Reza Brianca

Posted on Apr 7

AI-Powered Intellectual Property Similarity Detection on Snowflake

#ai #machinelearning #snowflake #datascience

Intellectual property offices worldwide face a growing challenge: how do you ensure that every new trademark, logo, or jingle is genuinely distinct from the millions already registered? For one of our prospect in public sector, this problem spans two fundamentally different media types: images (product logos, packaging designs) and audio (brand jingles, musical trademarks). Each new submission must be compared against the entire existing registry before it can be approved.

Manual review simply does not scale. An examiner can visually compare a handful of logos per hour, but the backlog grows faster than human reviewers can process it. Audio comparison is even harder. You can imagine listening to thousands of jingles to catch a subtle similarity is impractical. Subjectivity compounds the problem: two examiners may disagree on whether a logo is "too similar" to an existing registration. And consistency matters: the same pair of assets should always produce the same similarity verdict, regardless of which examiner handles the case or what time of day it is reviewed.

The traditional approach by hiring more examiners and building manual review queues is not practical since it will introduce higher cost, latency, and inconsistency. What if you could reduce the comparison to a mathematical operation? Convert each IP asset into a numerical fingerprint (a vector embedding), store those fingerprints in a database, and compute similarity scores automatically.
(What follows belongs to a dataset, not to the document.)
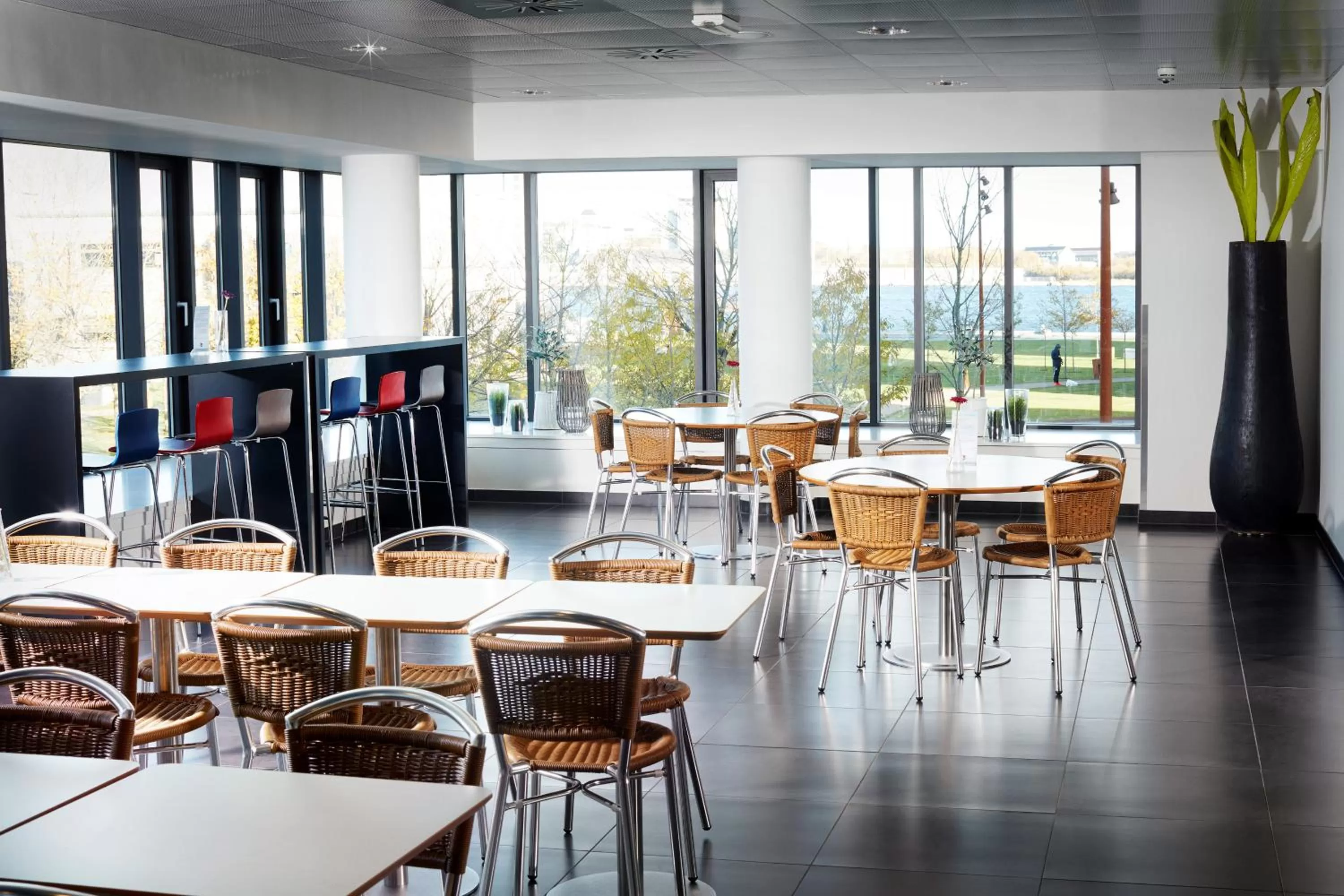 Seating area in Cabinn Aalborg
This article walks through how we built exactly that: an AI-powered IP similarity detection system that runs entirely within Snowflake, combining GPU-accelerated deep learning models with native vector search and a Streamlit interface for IP examiners.

Solution Architecture

The system is built on four Snowflake capabilities working together:

Snowpark Container Services (SPCS) for GPU-backed model inference
The native VECTOR data type for embedding storage
VECTOR_COSINE_SIMILARITY for similarity search
Streamlit in Snowflake for the examiner-facing UI

The data flow is straightforward: raw files sit on a Snowflake internal stage. SPCS containers mount that stage directly as a volume, so the Flask-based inference services read files from /stage without any data transfer. Service function uses SQL UDFs that wrap HTTP calls to the containers. This makes embedding generation callable from any SQL query. The resulting vectors are stored in registry tables and compared via VECTOR_COSINE_SIMILARITY.
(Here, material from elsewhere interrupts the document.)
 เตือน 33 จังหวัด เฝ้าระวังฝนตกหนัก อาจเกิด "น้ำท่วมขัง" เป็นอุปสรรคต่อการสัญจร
A critical design choice was keeping everything within Snowflake's governance boundary. For a public-sector organizations, data sovereignty is non-negotiable. No IP assets leave the platform. This means the models run inside SPCS, the files live on Snowflake stages, and the embeddings are stored in Snowflake tables. Access control is handled through Snowflake RBAC, and every query is captured in Snowflake's access history for audit purposes.

This architecture also means there is no external API dependency during inference. The models are loaded into containers at startup and serve requests entirely within the Snowflake network. If internet access is revoked after deployment, the system continues to function normally. This is an important consideration for government networks with strict egress policies.
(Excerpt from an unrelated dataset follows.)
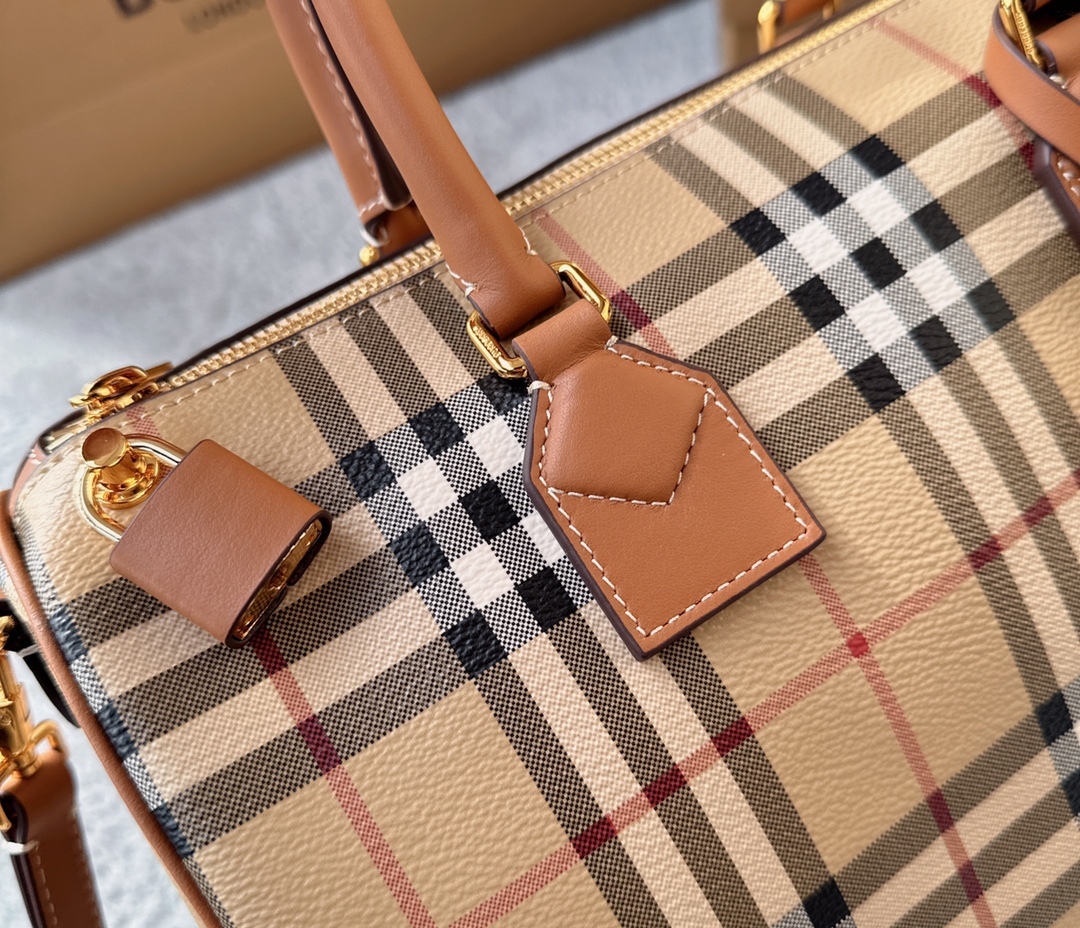 バーバリー「Burberry」Vintage Check Boston Bag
Model Selection: Why the Right Embedding Matters

Choosing the right embedding model is the most consequential architectural decision in a similarity search system. The model determines what "similar" means. For IP registration system, getting this wrong renders the entire system useless.

Image Pipeline: Vision Transformer (ViT)

For image similarity, we use Google's vit-base-patch16-224-in21k, a Vision Transformer pretrained on ImageNet-21k. It produces 768-dimensional embeddings extracted from the CLS token of the final hidden layer. ViT is a strong general-purpose choice: it captures both low-level visual features (color, shape, texture) and higher-level semantic patterns (object composition, layout). No fine-tuning was needed for our use case since the pretrained model already distinguishes product packaging designs effectively.

from transformers import AutoFeatureExtractor, AutoModel
import torch

model_id = "google/vit-base-patch16-224-in21k"
extractor = AutoFeatureExtractor.from_pretrained(model_id)
model = AutoModel.from_pretrained(model_id)

inputs = extractor(images=image, return_tensors="pt")
with torch.no_grad():
    outputs = model(**inputs)
embedding = outputs.last_hidden_state[:, 0]  # 768-dim CLS token

Audio Pipeline: PANNs CNN14

Audio is where the model selection gets interesting. The natural first choice might be CLAP (laion/larger_clap_music), a contrastive language-audio model that has become popular for audio understanding tasks. However, during prototyping we discovered a fundamental problem: CLAP produces semantic embeddings that cluster audio by genre and type. When we tested it against our jingle corpus, all files within a similar genre scored 0.93-0.99 cosine similarity. A pop jingle and a completely different pop jingle were nearly indistinguishable. This makes CLAP excellent for genre classification but useless for IP distinctiveness detection.

PANNs CNN14 (Pretrained Audio Neural Networks) solves this problem. Trained on AudioSet's 527 sound classes across roughly 5,000 hours of audio, CNN14 produces 2048-dimensional acoustic embeddings that capture the unique spectral characteristics of each file including timbre, rhythm, frequency patterns, and temporal structure. Two pop jingles that sound superficially similar will produce meaningfully different embeddings because PANNs encodes their actual acoustic fingerprint rather than their semantic category.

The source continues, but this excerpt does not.